When you're a gay teenager who grows up in the South, it's just as hard to avoid country music as it is easy to realize that country music isn't made for you. Sure, country songs are brimming with love stories (some happy, some sad, and some furious), but good luck finding a song or music video in which two men fall in love under the twinkling stars or a woman mourns the loss of her girlfriend. (And if you're looking for country music about questioning your gender, forget it). For a long time, it seemed as if country music and LGBTQ+ people were like oil and vinegar. But even oil and vinegar mix if you shake them hard enough, and in the past few years, several country stars have done their best to shake up the industry.
Country music was forced to acknowledge LGBTQ+ people when one if it's darlings, Chely Wright, came out as a lesbian in 2010. She was the first country music star to come out publicly, but it took decades for her to do so. "I wasn't just in the closet. I was behind the sheet rock in the closet," she told Oprah soon after coming out. Wright hid her sexuality for so long, she said, because she knew that coming out would be the death of her career. Eight years later, she's still beloved among many country music fans (even though she did lose a few). And her coming out has opened the door for other LGBTQ+ artists to speak out, too.
Wright inspired established country star Ty Herndon to come out in 2014, and in turn, Herndon inspired up and coming star Brandon Stansell to begin his career already open about being gay. "I have passion and love for this genre, and I never thought I'd be able to sing and write about my life honestly," Stansell tells Refinery29. "So to actually be able to do that now is pretty incredible." Stansell is one of those rare performers who does make country music videos showing two men lusting after each other (alongside an impressive rainbow dust cloud). But it's not just gay country singers who are starting to include queer couples in their videos and sing lyrics that take a clear pro-LGBTQ+ stance — straight artists are doing it, too.

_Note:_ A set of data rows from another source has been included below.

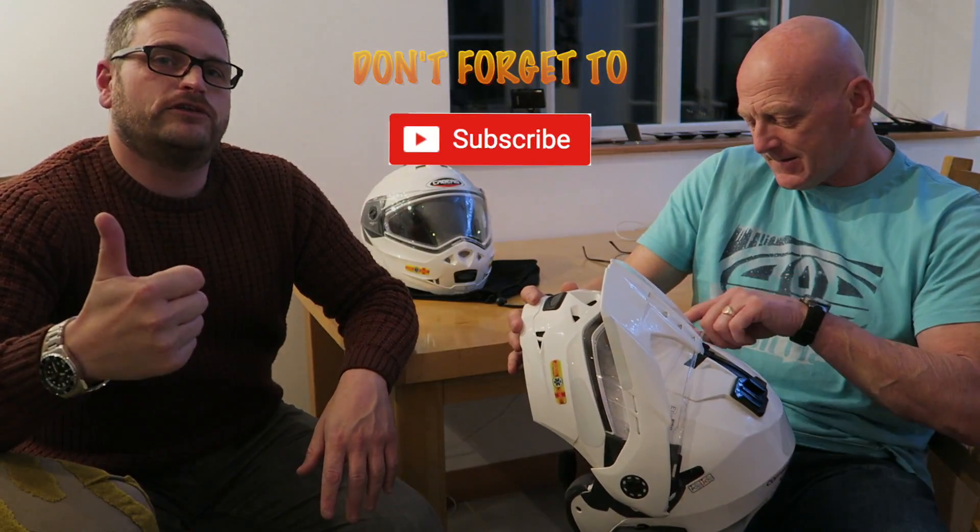If there's anything you want to know about safety features on a bike when you're out and about, next of kin, all that good stuff, then leave a comment down in the description, give us a like and a thumbs up because it really helps us, and thanks for watching.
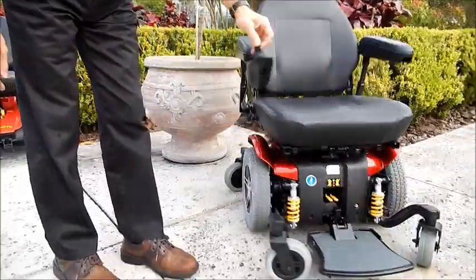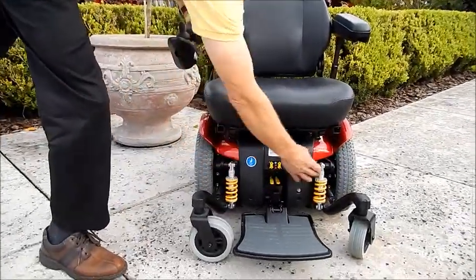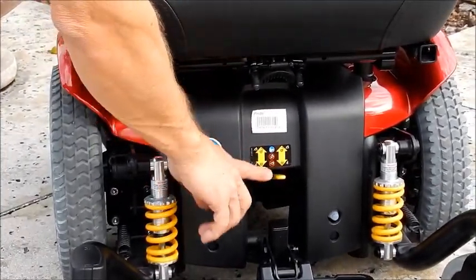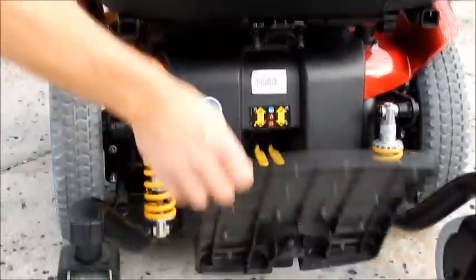This chair has a heavy-duty suspension right here, and this chair can be put in neutral right here. This puts the chair in neutral by lifting these levers. Nice footplate that flips up.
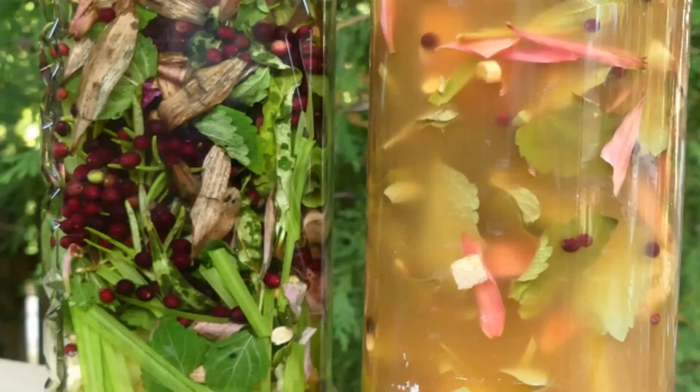Last but not least, this is my elderberry immune tonic. Although technically it's not just elderberries, it is chock full of so many different herbs and it is a very healthy tincture to have on a daily basis to help support your immune system.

In 2014 Kacey Musgraves won the Country Music Associations' (CMA) Song Of The Year award for her song "Follow Your Arrow," which she wrote along with two out country songwriters, Brandy Clark and Shane McAnally. "Do you guys realize what this means for country music?" she said in her acceptance speech, referring in part to pro-gay lyrics like: kiss lots of boys, or kiss lots of girls, if that's something you're into and love who you love, 'cause you just get so many trips 'round the sun. Many people take Musgrave's win as a sign of increasing acceptance of LGBTQ+ people in country music. And other straight country singers have since taken similar stances in their music. Luke Bryan's 2017 song "Most People Are Good" includes a line that says, I believe you love who you love, ain't nothing you should ever be ashamed of. Brothers Osborne included a gay couple in their music video for "Stay A Little Longer" (and they even get to kiss like all the other couples). Artists like Musgraves and Cam have written love letters to the LGBTQ+ community to show their support. And many straight country singers recently performed at GLAAD and Ty Herndon’s Concert for Love and Acceptance, a pro-LGBTQ+ country music concert that follows the CMT Music Awards.

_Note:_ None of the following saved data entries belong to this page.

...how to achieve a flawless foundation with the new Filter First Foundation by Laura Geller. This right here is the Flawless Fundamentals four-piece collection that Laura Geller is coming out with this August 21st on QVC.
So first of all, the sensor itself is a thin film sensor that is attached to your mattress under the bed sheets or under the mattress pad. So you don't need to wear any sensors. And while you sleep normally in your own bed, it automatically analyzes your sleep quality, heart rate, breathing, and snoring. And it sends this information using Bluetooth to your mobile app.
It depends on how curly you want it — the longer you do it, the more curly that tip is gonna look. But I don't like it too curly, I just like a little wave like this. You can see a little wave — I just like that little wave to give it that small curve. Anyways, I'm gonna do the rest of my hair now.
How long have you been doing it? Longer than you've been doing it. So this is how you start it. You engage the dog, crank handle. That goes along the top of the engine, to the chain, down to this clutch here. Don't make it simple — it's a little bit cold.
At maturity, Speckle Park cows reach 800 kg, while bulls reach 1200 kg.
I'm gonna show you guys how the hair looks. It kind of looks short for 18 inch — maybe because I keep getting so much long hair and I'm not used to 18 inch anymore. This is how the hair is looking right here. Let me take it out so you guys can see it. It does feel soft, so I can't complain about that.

All of these artists represent a growing voice in country music, one that's starting to overpower the more conservative voice of years past. It's because of them that ultra-conservative Mike Huckabee was forced to resign from the Country Music Association Foundation only 24 hours after he was appointed. Huckabee's appointment caused outcry from queer and allied people in the country music industry because of his virulent anti-LGBTQ+ views.
Sure, Huckabee's ousting, the handful of country singers who have come out, and the increase in pro-gay lyrics may make it feel like country music has made a 180-degree turn. But let's not forget that Huckabee was appointed in the first place. The CMA looked past his hate speech long enough to give him a position of power on their foundation, however short-lived it was. The country artists who are singing about queer people still occupy a minority, and we've yet to see any country star come out as transgender or gender non-conforming. Life isn't perfect for LGBTQ+ country music singers or fans, but the tides are changing. "There is always going to be a conservative mindset out there, especially in country music," Musgraves previously told Refinery29. "And that's totally fine, to each their own. But there should be room for everyone."